Monthly Archives: July 2018

FLT for rational functions


Following is the problem 2.16 in The Math Problems Notebook:

Prove that if n>2, then we do not have any nontrivial solutions of the equation F^n + G^n = H^n where F,G,H are rational functions. Solutions of the form F = aJ, G=bJ, H=cJ where J is a rational function and a,b,c are complex numbers satisfying a^n + b^n = c^n, are called trivial.

This problem is analogous to the Fermat’s Last Theorem (FLT) which states that for n> 2, x^n + y^n = z^n has no nontrivial integer solutions.

The solution of this problem involves proof by contradiction:

Since any rational solution yields a complex polynomial solution, by clearing the denominators, it is sufficient to assume that (f,g,h) is a polynomial solution such that r=\max(\deg(f),\deg(g),\deg(h)) is minimal among all polynomial solutions, where r>0.

Assume also that f,g,h are relatively prime.  Hence we have f^n+g^n = h^n, i.e. f^n-h^n = g^n. Now using the simple factorization identity involving the roots of unity, we get:

\displaystyle{\prod_{\ell = 0}^{n-1}\left(f-\zeta^\ell h\right) = g^n}

where \zeta = e^{\frac{2\pi i}{n}} with i = \sqrt{-1}.

Since \gcd(f,g) = \gcd(f,h) = 1, we have \gcd(f-\zeta^\ell h, f-\zeta^k h)=1 for \ell\neq k. Since the ring of complex polynomials has unique facotrization property, we must have g = g_1\cdots g_{n-1}, where g_j are polynomials satisfying \boxed{g_\ell^n = f-\zeta^\ell h}.

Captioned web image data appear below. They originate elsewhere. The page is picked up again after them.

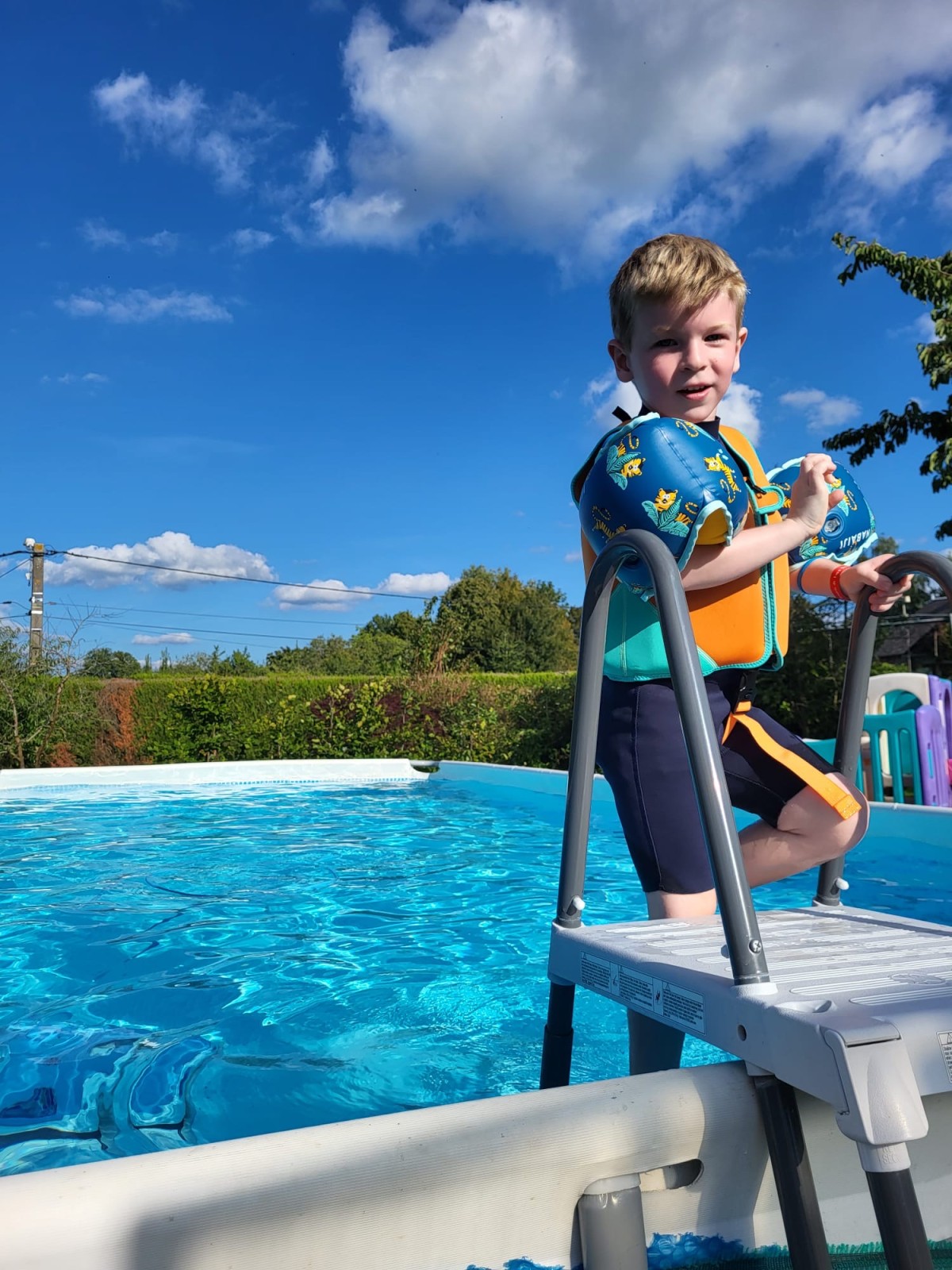 Afbeelding van Les Hirondelles - Familiehuis met speelschuur
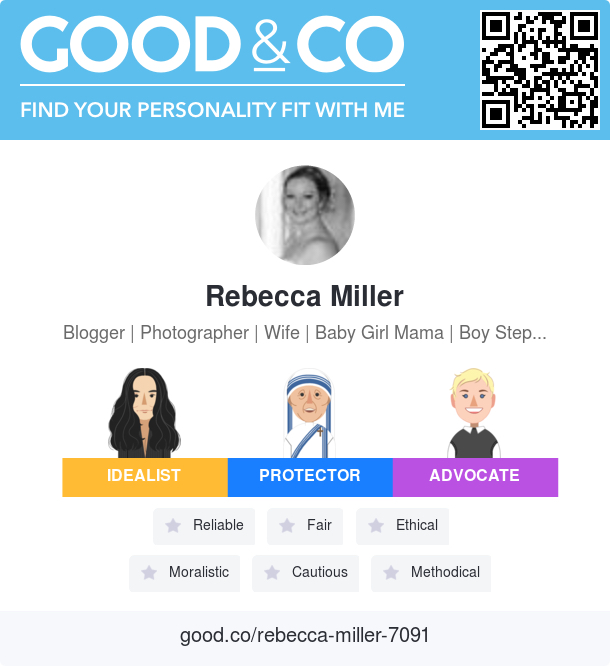 I Know the Key to Finding Workplace Happiness! Discover your personal brand and personality compatibility with the fun quizzes on the Good&Co career app. #ad #knowyourself | beckysbestbites.com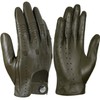 GSG SINCE 1998 Mens Genuine Leather Driving Gloves Unlined Sheepskin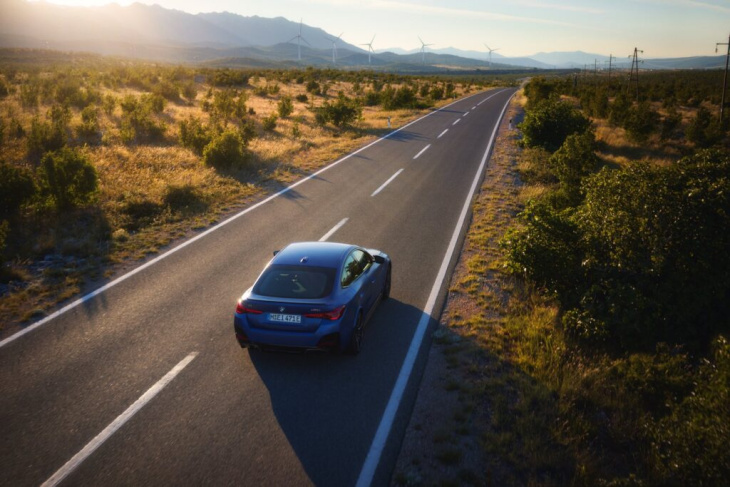 elektrisierende freude: werbung legt fokus auf ‘seele von bmw’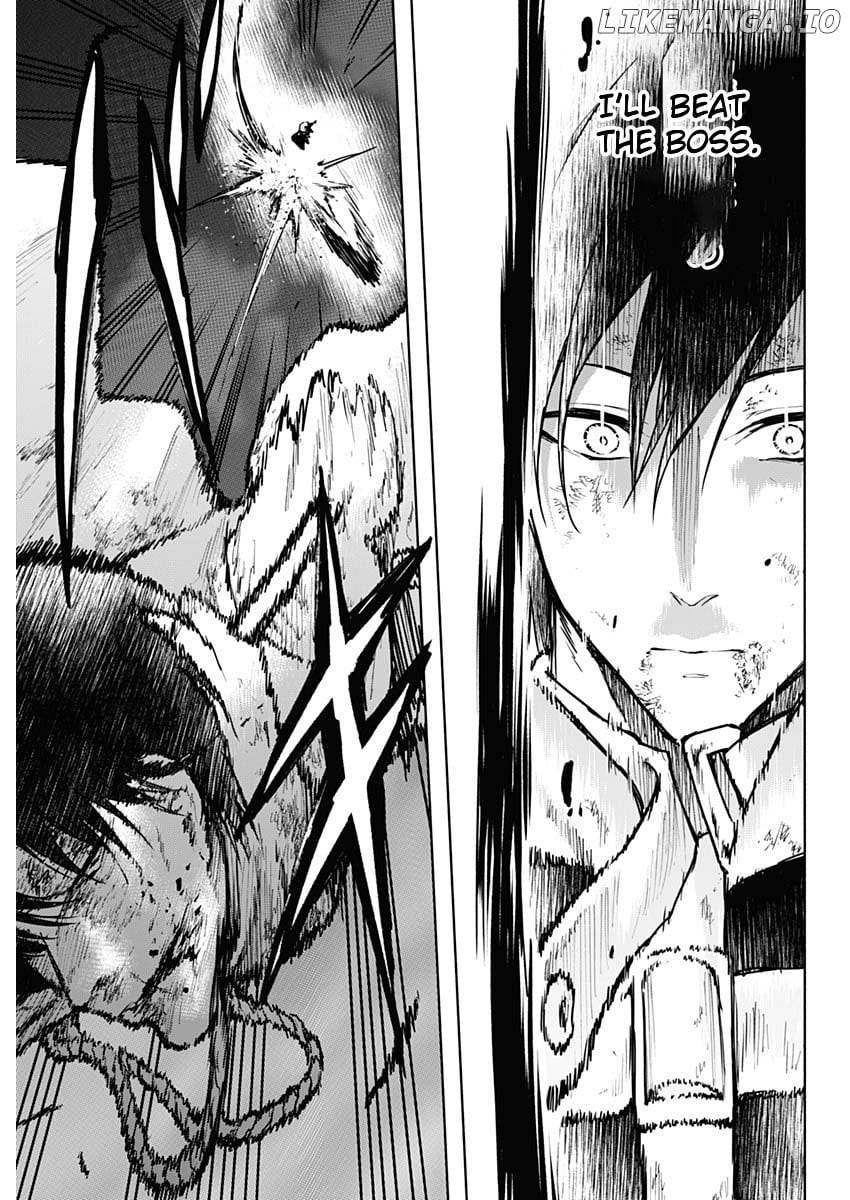 The Irregular Of The Royal Academy Of Magic ~The Strongest Sorcerer From The Slums Is Unrivaled In The School Of Royals ~ Chapter 106 - page 13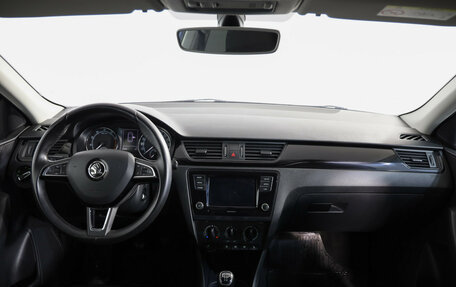 Skoda Rapid I, 2018 год, 1 239 000 рублей, 9 фотография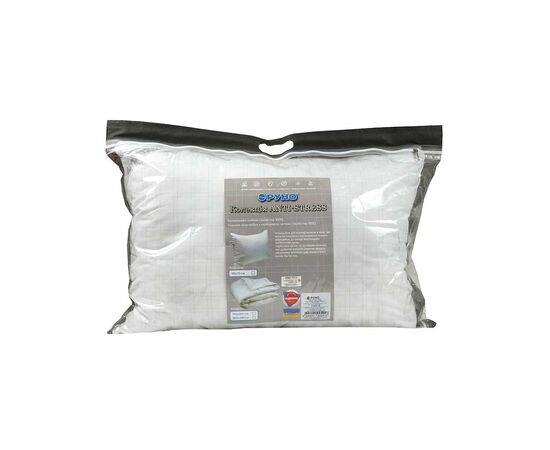 Подушка Руно Силиконовая Anti-Stress 50х70 см (310Anti-Stress), изображение 4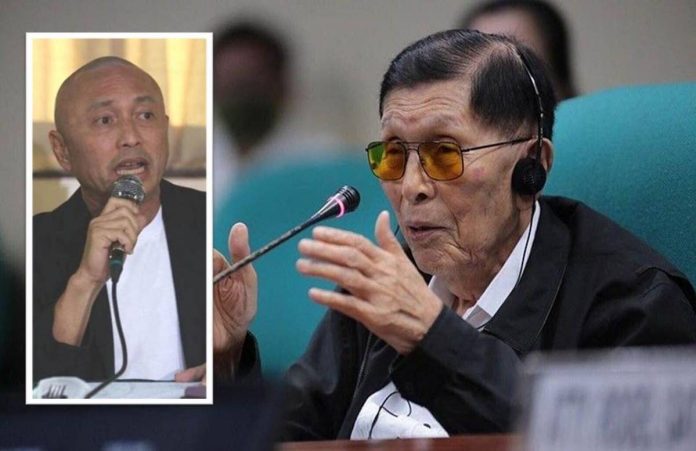 “Why is his passport not yet cancelled?” asks Presidential Chief Legal Counsel Juan Ponce Enrile, noting that Negros Oriental’s Rep. Arnolfo Teves Jr. has repeatedly refused to face the charges against him and has even been suspended from the House of Representatives for his continued absence.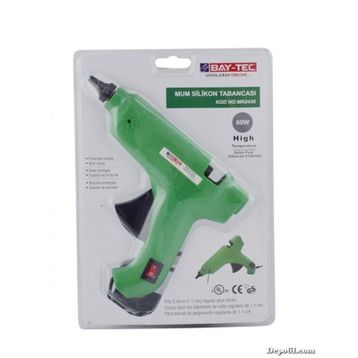 Bay-Tec 60 W Mum Silikon Tabancası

Now consider the factors f-h, f-\zeta h, f-\zeta^2 h. Note that, since n>2, these elements belong to the 2-dimensional vector space generated by f,h over \mathbb{C}.  Hence these three elements are linearly dependent, i.e. there exists a vanishing linear combination with complex coefficients (not all zero) in these three elements. Thus there exist a_\ell\in\mathbb{C} so that a_0g_0^n + a_1g_1^n = a_2g_2^n. We then set h_\ell = \sqrt[n]{a_\ell}g_\ell, and observe that \boxed{h_0^n+h_1^n = h_2^n}.

Moreover, the polynomials \gcd(h_\ell,h_k)=1 for \ell \neq k and \max_{\ell}(h_\ell) = \max_{\ell} (g_\ell) < r since g_\ell^n \mid f^n-h^n. Thus contradicting the minimality of r, i.e. the minimal (degree) solution f,g,h didn’t exist. Hence no solution exists.

The above argument fails for proving the non-existence of integer solutions since two coprime integers don’t form a 2-dimensional vector space over \mathbb{C}.